» **DESCRIPTION OF THE TASK**:
Pick out all lines of the entries that include the word "park" and copy them.

Scraped caption text data:
● ● ● ● ● ● ●
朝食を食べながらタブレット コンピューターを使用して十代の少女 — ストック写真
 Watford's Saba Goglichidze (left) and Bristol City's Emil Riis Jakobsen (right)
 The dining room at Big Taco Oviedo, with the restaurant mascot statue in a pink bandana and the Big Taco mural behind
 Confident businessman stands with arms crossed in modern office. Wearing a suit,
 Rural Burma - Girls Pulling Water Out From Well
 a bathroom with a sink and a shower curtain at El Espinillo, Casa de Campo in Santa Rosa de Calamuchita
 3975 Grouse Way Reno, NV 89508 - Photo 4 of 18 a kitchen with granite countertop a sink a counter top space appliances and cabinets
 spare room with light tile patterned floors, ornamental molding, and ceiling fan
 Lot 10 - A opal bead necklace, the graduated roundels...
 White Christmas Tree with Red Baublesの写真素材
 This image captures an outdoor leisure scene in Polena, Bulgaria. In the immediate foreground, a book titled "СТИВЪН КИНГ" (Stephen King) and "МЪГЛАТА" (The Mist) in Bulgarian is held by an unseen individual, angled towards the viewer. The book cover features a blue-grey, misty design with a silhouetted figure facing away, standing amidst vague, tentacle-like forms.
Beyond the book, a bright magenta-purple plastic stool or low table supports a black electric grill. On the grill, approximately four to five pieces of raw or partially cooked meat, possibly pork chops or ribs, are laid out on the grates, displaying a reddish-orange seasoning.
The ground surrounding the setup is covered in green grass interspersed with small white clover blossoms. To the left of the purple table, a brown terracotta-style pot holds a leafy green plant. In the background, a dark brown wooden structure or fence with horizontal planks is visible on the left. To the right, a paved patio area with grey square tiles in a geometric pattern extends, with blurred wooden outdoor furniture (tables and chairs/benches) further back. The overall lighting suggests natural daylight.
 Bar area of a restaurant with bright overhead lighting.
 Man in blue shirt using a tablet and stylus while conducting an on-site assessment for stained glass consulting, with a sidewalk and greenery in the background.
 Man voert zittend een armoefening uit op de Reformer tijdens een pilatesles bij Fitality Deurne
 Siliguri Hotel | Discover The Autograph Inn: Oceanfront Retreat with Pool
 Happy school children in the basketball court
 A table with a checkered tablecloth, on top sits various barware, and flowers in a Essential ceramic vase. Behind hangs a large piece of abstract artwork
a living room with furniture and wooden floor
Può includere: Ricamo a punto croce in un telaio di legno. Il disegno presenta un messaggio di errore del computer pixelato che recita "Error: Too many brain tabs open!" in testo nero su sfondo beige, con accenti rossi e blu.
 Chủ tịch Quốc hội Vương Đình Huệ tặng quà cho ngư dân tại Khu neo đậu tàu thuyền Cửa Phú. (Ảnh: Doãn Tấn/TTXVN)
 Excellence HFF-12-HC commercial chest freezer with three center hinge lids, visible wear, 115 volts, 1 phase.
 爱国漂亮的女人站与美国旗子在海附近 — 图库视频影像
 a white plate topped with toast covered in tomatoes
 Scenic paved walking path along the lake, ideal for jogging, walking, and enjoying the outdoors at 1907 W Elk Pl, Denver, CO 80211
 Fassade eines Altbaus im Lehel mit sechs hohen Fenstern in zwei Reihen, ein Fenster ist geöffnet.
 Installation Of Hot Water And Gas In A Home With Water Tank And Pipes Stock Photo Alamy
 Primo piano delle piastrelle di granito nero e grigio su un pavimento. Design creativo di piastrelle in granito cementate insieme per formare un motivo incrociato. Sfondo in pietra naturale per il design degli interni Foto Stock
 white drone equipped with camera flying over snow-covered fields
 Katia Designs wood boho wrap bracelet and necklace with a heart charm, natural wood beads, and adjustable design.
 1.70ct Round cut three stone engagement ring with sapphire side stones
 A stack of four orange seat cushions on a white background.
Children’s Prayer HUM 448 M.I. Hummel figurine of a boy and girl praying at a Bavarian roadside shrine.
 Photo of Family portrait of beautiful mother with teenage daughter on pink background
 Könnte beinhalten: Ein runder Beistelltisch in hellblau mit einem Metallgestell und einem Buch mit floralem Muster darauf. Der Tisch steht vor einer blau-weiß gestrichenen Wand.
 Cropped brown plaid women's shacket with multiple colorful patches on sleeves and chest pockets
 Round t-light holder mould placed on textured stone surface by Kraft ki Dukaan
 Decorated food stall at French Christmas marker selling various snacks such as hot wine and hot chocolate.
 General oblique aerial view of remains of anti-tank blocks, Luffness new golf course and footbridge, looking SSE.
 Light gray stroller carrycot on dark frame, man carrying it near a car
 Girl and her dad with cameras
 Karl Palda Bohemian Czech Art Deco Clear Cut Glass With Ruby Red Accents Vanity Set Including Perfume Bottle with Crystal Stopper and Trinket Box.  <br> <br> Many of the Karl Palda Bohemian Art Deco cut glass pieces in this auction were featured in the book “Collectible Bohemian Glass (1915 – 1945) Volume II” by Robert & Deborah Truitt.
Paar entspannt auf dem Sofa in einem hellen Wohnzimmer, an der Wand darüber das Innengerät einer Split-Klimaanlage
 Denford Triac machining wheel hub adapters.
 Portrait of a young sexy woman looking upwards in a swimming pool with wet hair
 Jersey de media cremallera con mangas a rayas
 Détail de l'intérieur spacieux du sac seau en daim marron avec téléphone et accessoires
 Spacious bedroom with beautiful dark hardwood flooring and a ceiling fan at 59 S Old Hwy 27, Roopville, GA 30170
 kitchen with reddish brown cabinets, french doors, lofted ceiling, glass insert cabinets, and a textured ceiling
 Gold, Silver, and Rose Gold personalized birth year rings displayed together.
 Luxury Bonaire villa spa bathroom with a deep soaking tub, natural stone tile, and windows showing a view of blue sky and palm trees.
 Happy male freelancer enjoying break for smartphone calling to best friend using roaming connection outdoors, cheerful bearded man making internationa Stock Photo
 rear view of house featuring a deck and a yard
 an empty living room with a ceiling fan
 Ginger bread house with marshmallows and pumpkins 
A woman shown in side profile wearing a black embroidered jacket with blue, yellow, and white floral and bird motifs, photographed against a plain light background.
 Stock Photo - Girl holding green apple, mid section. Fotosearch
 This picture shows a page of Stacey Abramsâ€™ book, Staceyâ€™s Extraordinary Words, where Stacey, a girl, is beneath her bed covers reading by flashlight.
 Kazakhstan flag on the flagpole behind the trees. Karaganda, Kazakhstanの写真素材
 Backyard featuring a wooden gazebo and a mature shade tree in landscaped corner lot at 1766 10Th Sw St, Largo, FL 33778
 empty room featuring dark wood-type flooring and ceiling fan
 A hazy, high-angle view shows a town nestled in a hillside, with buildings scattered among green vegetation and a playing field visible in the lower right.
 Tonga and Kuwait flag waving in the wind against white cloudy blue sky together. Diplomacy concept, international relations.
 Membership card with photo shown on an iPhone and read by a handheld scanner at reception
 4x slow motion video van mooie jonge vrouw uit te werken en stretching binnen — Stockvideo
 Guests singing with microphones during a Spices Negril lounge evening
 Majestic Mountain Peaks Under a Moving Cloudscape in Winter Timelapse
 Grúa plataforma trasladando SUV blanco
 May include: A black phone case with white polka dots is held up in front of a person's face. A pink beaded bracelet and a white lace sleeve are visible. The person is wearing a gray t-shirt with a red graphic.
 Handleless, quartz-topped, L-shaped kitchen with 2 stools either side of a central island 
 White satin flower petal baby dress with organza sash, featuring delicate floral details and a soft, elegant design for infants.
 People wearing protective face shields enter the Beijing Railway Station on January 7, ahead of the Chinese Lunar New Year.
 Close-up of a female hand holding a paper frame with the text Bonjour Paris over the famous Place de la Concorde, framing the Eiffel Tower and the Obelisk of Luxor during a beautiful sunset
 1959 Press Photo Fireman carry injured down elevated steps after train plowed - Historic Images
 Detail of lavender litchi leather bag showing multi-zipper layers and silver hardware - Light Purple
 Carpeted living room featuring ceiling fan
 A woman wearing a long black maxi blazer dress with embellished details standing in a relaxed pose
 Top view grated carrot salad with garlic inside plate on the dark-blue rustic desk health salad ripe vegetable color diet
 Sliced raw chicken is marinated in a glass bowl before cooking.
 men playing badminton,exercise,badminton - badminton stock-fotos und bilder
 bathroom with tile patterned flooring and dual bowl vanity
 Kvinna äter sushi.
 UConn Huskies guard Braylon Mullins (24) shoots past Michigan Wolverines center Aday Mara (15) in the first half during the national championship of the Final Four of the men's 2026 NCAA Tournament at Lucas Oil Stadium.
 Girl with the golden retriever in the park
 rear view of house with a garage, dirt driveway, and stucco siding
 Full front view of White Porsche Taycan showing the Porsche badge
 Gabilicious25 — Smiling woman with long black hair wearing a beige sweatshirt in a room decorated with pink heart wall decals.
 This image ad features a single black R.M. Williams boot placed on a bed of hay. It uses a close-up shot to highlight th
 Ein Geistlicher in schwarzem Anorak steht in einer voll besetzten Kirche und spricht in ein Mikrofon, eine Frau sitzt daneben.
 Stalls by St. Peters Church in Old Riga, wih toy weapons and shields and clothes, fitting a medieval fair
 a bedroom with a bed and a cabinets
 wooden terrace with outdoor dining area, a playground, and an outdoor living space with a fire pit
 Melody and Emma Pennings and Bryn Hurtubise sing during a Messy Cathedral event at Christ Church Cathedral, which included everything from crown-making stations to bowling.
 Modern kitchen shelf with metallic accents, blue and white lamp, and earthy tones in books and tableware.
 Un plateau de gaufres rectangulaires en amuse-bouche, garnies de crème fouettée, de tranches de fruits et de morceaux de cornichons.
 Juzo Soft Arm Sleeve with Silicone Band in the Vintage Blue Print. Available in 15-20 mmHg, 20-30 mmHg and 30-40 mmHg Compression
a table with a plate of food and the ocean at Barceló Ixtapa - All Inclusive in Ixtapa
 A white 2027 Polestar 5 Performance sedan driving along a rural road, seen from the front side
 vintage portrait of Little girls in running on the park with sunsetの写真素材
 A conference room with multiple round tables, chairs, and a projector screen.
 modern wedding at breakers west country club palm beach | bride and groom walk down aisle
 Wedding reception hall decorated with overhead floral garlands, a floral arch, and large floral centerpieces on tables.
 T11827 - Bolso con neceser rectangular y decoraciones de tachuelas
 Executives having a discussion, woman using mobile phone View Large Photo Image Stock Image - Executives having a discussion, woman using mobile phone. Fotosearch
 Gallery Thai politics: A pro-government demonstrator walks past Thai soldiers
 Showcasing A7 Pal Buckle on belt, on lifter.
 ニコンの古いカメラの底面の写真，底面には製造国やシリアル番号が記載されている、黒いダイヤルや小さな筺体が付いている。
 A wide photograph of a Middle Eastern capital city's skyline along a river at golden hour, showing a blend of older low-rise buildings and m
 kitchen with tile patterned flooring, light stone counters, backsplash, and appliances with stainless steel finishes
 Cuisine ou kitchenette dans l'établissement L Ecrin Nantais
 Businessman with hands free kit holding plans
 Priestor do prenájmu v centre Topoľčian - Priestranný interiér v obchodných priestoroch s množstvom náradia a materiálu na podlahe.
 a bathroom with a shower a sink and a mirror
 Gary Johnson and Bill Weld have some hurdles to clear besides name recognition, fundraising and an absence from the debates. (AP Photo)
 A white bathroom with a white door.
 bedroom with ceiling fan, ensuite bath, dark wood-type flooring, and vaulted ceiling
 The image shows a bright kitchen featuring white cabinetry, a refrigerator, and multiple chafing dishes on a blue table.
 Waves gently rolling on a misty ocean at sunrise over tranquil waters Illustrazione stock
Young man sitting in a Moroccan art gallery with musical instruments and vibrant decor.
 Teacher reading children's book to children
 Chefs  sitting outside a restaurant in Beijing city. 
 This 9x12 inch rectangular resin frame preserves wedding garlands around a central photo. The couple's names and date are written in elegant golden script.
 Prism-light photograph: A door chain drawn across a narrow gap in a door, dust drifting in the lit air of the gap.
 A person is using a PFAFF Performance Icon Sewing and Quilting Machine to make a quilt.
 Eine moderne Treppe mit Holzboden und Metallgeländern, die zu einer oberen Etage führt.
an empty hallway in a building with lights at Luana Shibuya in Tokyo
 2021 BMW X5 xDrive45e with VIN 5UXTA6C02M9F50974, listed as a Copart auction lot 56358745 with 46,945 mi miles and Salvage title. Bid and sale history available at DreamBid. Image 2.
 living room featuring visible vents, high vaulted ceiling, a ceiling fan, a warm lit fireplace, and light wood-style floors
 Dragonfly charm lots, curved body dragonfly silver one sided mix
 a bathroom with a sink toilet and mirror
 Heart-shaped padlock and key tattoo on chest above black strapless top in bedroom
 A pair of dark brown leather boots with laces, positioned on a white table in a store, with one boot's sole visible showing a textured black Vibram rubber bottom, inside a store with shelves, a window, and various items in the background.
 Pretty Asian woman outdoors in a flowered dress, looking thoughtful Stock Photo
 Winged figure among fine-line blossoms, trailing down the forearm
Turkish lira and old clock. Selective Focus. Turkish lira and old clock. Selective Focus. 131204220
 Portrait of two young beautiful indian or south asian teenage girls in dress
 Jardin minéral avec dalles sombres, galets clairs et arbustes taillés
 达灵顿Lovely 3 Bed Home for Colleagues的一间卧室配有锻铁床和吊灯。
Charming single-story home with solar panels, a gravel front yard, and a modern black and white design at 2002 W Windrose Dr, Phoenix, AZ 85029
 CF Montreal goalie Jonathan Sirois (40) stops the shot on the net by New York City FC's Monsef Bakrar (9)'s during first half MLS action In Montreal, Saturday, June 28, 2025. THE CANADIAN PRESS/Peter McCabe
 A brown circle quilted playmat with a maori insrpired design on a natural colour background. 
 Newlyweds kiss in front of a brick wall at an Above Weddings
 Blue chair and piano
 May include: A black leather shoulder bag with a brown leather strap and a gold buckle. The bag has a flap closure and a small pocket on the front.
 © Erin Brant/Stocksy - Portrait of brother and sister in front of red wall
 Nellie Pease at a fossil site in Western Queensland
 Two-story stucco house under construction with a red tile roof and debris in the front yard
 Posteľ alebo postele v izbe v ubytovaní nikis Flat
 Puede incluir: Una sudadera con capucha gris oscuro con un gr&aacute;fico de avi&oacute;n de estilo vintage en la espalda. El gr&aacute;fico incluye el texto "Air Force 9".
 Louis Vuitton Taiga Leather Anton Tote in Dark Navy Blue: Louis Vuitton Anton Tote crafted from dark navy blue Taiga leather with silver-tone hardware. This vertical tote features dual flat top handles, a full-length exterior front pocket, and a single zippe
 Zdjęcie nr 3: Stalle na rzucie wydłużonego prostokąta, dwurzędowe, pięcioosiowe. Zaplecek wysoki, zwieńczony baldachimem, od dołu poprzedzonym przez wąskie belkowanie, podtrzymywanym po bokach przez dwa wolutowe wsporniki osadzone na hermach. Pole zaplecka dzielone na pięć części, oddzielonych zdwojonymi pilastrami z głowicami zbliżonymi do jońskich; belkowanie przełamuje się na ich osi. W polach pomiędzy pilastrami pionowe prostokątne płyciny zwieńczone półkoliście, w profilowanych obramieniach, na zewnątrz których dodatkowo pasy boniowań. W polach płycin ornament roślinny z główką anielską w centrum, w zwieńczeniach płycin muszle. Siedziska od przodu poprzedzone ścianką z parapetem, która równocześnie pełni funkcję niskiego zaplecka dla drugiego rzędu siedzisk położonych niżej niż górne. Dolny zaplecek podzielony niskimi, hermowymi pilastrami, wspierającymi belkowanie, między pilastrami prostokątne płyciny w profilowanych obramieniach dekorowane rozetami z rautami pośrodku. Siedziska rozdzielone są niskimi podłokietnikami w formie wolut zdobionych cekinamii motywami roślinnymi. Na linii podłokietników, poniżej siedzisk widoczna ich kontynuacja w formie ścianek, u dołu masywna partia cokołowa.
● ● ● ● ● ● ●
» **WRITTEN SOLUTION**:
 Girl with the golden retriever in the park
 vintage portrait of Little girls in running on the park with sunsetの写真素材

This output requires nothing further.